#### Data entries
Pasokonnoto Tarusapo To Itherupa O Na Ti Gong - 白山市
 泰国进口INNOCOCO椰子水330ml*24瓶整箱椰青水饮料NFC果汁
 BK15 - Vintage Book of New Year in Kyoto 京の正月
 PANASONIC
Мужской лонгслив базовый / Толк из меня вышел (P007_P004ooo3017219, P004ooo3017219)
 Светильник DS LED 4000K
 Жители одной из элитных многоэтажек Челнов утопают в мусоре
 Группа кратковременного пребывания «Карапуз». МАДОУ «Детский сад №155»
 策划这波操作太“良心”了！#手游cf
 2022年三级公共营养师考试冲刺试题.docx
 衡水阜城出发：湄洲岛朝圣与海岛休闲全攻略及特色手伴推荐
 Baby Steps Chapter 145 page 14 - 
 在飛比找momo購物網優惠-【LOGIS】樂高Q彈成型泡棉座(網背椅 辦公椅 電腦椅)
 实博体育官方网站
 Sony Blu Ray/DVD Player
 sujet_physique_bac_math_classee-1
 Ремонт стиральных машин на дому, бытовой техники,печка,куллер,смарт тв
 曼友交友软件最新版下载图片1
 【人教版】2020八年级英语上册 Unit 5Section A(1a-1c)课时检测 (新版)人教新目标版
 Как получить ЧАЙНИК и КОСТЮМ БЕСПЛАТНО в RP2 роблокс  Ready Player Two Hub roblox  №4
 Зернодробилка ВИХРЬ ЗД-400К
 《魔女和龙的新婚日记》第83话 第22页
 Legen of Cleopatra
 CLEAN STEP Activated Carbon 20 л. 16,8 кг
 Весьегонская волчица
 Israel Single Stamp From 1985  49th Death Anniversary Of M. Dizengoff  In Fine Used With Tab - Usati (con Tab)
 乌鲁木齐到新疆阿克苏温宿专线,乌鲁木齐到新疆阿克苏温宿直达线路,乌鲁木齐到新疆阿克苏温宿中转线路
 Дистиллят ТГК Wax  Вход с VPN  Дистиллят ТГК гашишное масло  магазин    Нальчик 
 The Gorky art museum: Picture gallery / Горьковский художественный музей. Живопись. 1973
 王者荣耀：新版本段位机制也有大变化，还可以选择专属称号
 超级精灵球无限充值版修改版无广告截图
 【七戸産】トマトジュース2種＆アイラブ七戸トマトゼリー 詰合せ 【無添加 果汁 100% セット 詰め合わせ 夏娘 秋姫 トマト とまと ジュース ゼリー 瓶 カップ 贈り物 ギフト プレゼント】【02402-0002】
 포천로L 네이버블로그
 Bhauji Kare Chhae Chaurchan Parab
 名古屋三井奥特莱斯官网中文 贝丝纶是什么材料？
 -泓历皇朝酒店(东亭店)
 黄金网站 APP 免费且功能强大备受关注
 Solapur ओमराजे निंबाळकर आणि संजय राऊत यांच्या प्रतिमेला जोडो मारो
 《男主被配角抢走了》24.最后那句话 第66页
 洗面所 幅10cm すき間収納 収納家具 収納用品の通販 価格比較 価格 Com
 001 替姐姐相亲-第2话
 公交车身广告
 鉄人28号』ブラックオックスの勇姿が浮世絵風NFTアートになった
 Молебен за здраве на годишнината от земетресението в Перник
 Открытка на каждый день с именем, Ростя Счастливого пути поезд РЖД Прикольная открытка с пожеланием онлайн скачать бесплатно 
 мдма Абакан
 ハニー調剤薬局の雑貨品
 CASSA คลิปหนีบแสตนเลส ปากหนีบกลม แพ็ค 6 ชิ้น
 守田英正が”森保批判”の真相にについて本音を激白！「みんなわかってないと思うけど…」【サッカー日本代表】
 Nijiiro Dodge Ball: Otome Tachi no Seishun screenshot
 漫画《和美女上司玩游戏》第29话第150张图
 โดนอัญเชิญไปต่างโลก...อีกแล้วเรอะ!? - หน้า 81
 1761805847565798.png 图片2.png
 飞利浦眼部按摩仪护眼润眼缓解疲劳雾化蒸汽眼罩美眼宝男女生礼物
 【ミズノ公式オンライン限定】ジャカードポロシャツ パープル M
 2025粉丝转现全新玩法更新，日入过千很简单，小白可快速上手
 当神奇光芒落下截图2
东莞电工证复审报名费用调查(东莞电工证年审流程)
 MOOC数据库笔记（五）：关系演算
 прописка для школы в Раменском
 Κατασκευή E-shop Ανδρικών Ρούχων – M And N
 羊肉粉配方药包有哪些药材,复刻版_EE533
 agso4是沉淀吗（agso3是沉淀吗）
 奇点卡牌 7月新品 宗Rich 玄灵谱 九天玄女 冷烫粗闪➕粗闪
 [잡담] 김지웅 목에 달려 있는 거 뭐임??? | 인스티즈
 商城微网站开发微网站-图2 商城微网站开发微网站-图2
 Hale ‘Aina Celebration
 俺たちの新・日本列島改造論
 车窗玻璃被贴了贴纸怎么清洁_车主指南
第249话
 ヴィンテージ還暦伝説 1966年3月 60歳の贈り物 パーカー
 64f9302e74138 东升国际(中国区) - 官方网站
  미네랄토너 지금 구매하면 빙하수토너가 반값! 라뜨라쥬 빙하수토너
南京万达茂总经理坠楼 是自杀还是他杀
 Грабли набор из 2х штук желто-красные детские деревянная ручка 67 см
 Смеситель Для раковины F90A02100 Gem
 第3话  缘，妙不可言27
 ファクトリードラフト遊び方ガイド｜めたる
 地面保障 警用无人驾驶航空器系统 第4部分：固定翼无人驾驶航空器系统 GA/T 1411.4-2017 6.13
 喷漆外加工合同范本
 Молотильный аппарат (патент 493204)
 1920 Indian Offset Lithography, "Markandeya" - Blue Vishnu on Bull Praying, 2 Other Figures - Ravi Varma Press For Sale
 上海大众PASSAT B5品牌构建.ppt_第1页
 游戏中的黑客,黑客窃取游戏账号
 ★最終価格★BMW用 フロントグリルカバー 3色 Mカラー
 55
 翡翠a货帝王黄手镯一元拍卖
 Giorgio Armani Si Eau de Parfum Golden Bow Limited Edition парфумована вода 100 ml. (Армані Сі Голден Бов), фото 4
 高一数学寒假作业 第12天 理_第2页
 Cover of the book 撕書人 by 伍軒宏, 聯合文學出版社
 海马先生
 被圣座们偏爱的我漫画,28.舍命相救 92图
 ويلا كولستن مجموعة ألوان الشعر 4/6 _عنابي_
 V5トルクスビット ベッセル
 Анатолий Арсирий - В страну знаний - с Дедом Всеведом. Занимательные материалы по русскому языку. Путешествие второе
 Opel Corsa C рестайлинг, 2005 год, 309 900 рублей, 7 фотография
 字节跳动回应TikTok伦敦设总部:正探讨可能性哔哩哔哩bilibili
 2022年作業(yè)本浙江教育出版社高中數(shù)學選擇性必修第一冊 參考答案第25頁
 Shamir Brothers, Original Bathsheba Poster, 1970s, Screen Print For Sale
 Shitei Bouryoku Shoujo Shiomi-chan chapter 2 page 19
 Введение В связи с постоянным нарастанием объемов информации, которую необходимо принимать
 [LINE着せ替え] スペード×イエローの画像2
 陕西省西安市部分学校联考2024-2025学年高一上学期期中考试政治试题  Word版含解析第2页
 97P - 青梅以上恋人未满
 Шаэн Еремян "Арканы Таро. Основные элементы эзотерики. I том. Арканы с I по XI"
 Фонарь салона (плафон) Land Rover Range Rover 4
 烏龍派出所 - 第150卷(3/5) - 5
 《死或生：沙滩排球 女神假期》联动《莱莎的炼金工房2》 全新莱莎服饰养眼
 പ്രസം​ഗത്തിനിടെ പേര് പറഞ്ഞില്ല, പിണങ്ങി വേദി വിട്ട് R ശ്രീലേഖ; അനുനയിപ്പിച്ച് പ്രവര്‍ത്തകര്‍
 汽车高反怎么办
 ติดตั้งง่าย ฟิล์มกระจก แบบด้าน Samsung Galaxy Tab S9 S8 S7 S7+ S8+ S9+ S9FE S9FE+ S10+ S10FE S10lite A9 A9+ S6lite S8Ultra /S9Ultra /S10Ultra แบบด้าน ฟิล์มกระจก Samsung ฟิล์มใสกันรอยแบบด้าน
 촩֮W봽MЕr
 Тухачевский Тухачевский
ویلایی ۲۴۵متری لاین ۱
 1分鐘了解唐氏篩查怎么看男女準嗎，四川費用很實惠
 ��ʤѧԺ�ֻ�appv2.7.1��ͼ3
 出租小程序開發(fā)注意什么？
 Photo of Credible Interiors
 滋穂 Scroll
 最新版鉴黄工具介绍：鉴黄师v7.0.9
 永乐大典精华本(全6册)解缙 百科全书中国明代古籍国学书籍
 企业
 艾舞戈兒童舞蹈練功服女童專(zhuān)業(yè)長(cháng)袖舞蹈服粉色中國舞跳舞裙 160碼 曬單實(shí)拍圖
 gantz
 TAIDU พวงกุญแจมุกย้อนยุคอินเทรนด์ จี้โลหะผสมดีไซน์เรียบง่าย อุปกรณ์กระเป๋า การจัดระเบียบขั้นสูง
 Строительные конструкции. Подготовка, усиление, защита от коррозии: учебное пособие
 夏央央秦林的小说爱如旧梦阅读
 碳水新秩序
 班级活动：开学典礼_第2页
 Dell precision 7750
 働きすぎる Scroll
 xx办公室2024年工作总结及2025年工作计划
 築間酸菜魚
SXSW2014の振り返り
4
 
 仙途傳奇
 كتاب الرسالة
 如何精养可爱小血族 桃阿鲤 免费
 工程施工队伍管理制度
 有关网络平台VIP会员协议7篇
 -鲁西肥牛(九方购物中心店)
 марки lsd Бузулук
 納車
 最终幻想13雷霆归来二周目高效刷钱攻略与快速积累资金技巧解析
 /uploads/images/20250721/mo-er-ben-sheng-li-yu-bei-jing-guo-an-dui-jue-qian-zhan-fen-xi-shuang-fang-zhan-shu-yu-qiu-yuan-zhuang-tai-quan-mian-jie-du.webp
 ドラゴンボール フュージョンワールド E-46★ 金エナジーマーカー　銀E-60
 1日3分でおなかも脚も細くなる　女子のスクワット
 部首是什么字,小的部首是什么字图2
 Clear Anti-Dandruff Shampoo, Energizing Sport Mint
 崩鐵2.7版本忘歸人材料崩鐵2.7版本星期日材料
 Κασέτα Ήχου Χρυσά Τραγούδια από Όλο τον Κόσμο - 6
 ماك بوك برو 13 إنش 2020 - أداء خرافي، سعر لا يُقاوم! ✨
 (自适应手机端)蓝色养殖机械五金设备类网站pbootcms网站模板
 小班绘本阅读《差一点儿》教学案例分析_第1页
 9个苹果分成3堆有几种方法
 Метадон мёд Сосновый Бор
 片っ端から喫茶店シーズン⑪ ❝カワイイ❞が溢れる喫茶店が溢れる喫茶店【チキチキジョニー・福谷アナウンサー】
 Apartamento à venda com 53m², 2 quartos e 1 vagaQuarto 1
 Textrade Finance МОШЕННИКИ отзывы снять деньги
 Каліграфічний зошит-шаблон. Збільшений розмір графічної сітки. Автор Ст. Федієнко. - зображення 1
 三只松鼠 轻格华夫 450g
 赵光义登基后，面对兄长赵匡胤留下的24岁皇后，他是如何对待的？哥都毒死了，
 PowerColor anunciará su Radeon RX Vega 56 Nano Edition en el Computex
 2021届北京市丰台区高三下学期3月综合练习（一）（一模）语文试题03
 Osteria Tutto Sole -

#### Activity
Would you please repeat exactly the lines above, starting at the line with "Hale ‘Aina Celebration" and stopping at the line with "V5トルクスビット ベッセル", both included?

#### Output of the task
 Hale ‘Aina Celebration
 俺たちの新・日本列島改造論
 车窗玻璃被贴了贴纸怎么清洁_车主指南
第249话
 ヴィンテージ還暦伝説 1966年3月 60歳の贈り物 パーカー
 64f9302e74138 东升国际(中国区) - 官方网站
  미네랄토너 지금 구매하면 빙하수토너가 반값! 라뜨라쥬 빙하수토너
南京万达茂总经理坠楼 是自杀还是他杀
 Грабли набор из 2х штук желто-красные детские деревянная ручка 67 см
 Смеситель Для раковины F90A02100 Gem
 第3话  缘，妙不可言27
 ファクトリードラフト遊び方ガイド｜めたる
 地面保障 警用无人驾驶航空器系统 第4部分：固定翼无人驾驶航空器系统 GA/T 1411.4-2017 6.13
 喷漆外加工合同范本
 Молотильный аппарат (патент 493204)
 1920 Indian Offset Lithography, "Markandeya" - Blue Vishnu on Bull Praying, 2 Other Figures - Ravi Varma Press For Sale
 上海大众PASSAT B5品牌构建.ppt_第1页
 游戏中的黑客,黑客窃取游戏账号
 ★最終価格★BMW用 フロントグリルカバー 3色 Mカラー
 55
 翡翠a货帝王黄手镯一元拍卖
 Giorgio Armani Si Eau de Parfum Golden Bow Limited Edition парфумована вода 100 ml. (Армані Сі Голден Бов), фото 4
 高一数学寒假作业 第12天 理_第2页
 Cover of the book 撕書人 by 伍軒宏, 聯合文學出版社
 海马先生
 被圣座们偏爱的我漫画,28.舍命相救 92图
 ويلا كولستن مجموعة ألوان الشعر 4/6 _عنابي_
 V5トルクスビット ベッセル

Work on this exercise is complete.